Today marks 47th anniversary of the passage of Medicare and Medicaid, but unless serious reforms such as those found in Paul Ryan’s budget are put into place, today’s youth may never live to see a dime.
At the current rate, the Congressional Budget Office projects that Medicare could account for close to 10 percent of the nation’s total GDP within the next 30 years, which means the program stands the brink of “blowing up” unless reforms happen, according to Ryan Ellis, tax policy director with Americans for Tax Reform.
“If you let it go on its current trajectory, it collapses under its own weight,” former CBO Director Douglas Holtz-Eakin told Red Alert Politics. “It’s just not sustainable under its current course.”
And Obamacare is likely to make matters even worse because CBO projects that some $740 billion will be diverted from Medicare to pay for the new health care law in the next decade alone.
Medicare’s ballooning growth will have a direct impact on Social Security benefits because a CBO long-term study found that an increasing percentage of Social Security deductions will be needed to fund Medicare, according to Ellis.
“Right now Medicare is growing at 8 to 9 percent a year, and there is nothing to restrain that growth,” Ellis said. “A greater and greater percentage [of Social Security benefits] will be siphoned for Medicare.”
The Ryan budget would transform Medicare benefits by means testing them, adjusting them for the cost of living and adjust payments according to a person’s level of health are necessary to keep it from busting the federal budget. The Ryan budget would leave the system unchanged for those over the age of 55 and change the program for younger workers to prolong Medicare’s lifespan.
“People now in their 20s would get a lump sum in a voucher when they retire 40 years from now,” Ellis said.

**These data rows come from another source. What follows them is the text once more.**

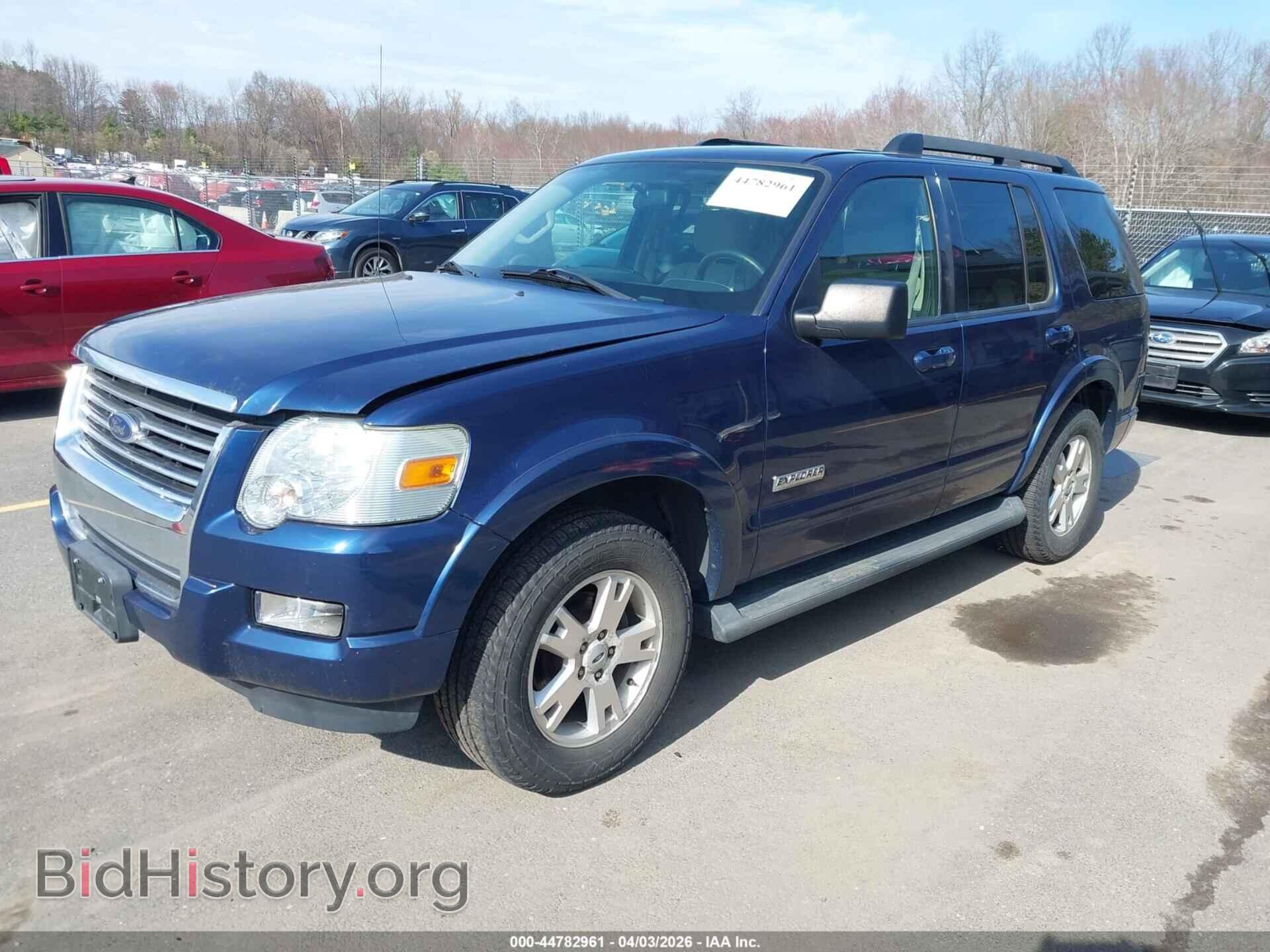 2008 FORD EXPLORER - VIN: 1FMEU73E78UB32361 - Фото 2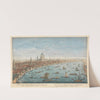 The South West Prospect of London, from Somerset Gardens to the Tower by Thomas Bowles III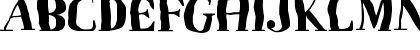 Markbats 2 Regular Font Markbats 2 Regular Font
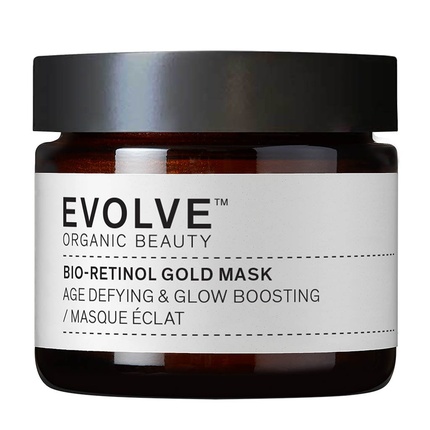 Омолаживающая маска Evolve Organic Beauty Bioretinol Gold Mask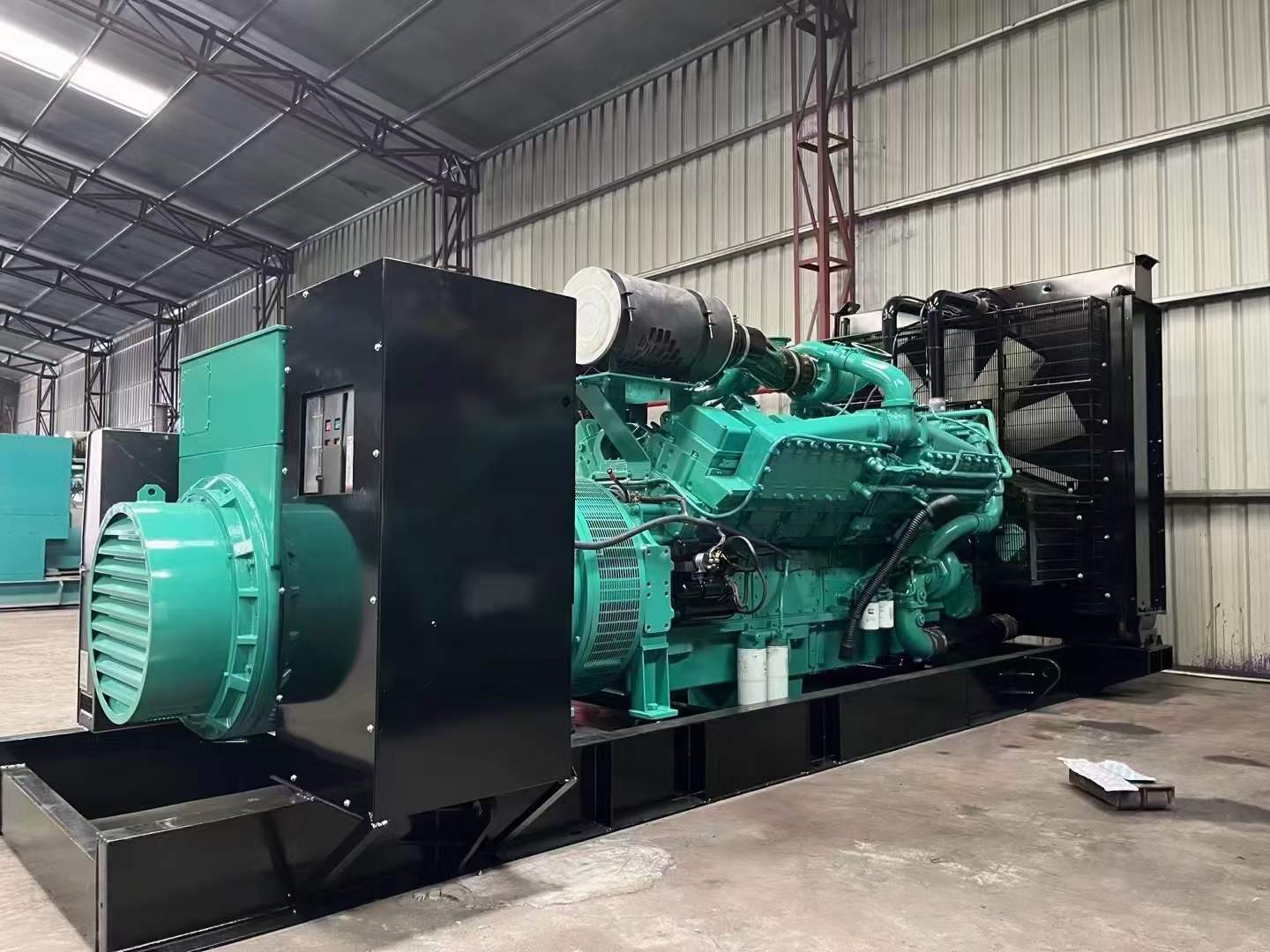 铜陵如何降低 800kW 柴油发电机输出电流的波动？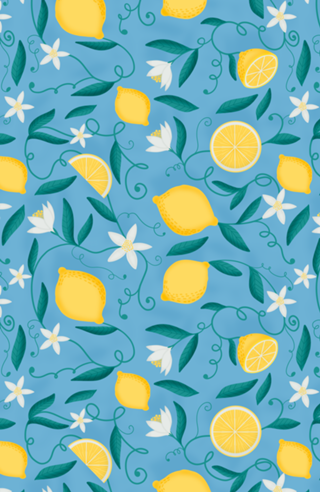 Lemon bloom
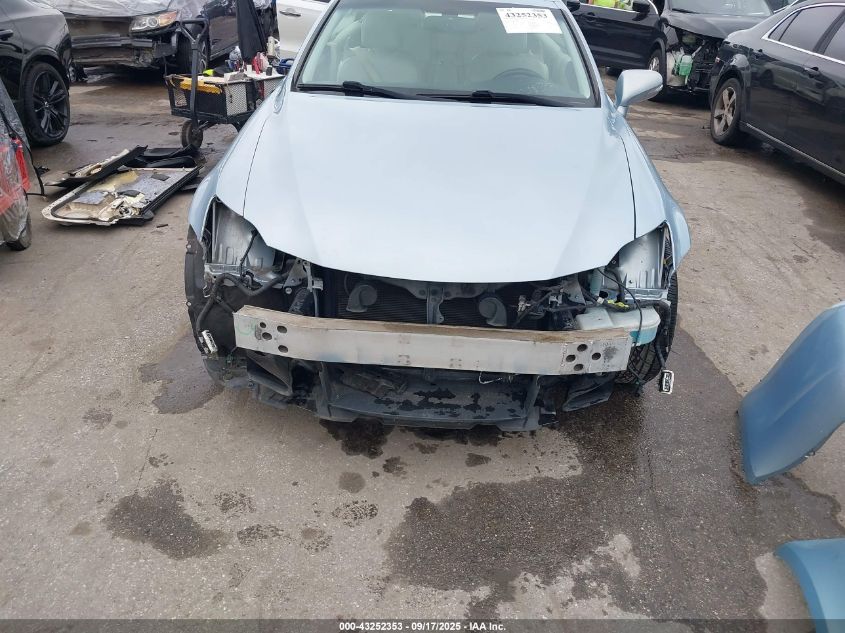 2010 Lexus Is 250C VIN: JTHFF2C28A2510957 Lot: 43252353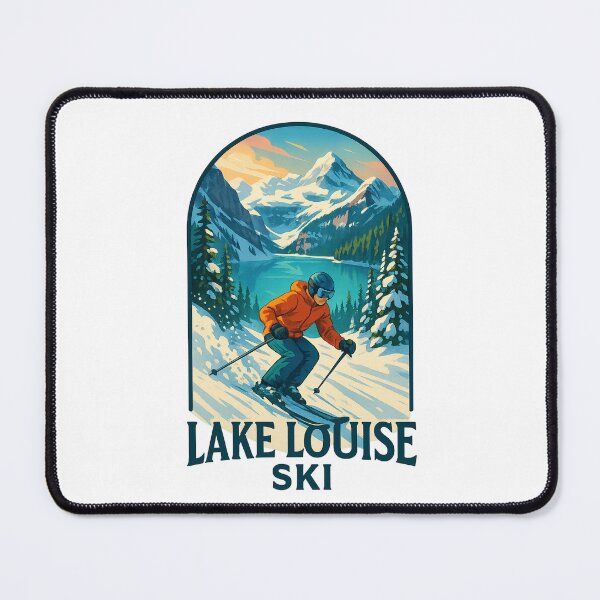 Item preview,  Skiing in the Canadian Rockies at Lake Louise designed and sold by Places On Earth.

And Medicaid’s prognosis is even worse because it already is insolvent, and states are terrified by Obamacare’s looming expansion of the program – the costs of which they will bear.
Medicaid is the biggest part of every state’s budget, and Holtz-Eakin anticipates that Obamacare will increase the costs to the states by 10 percent plus administrative costs.
“It will just make the burden a lot bigger,” Holtz-Eakin said.
Ellis warns that Medicaid could bankrupt the states unless solutions such as Paul Ryan’s proposal of block granting money to the states and allowing them to tailor their programs for their individual needs are put into place.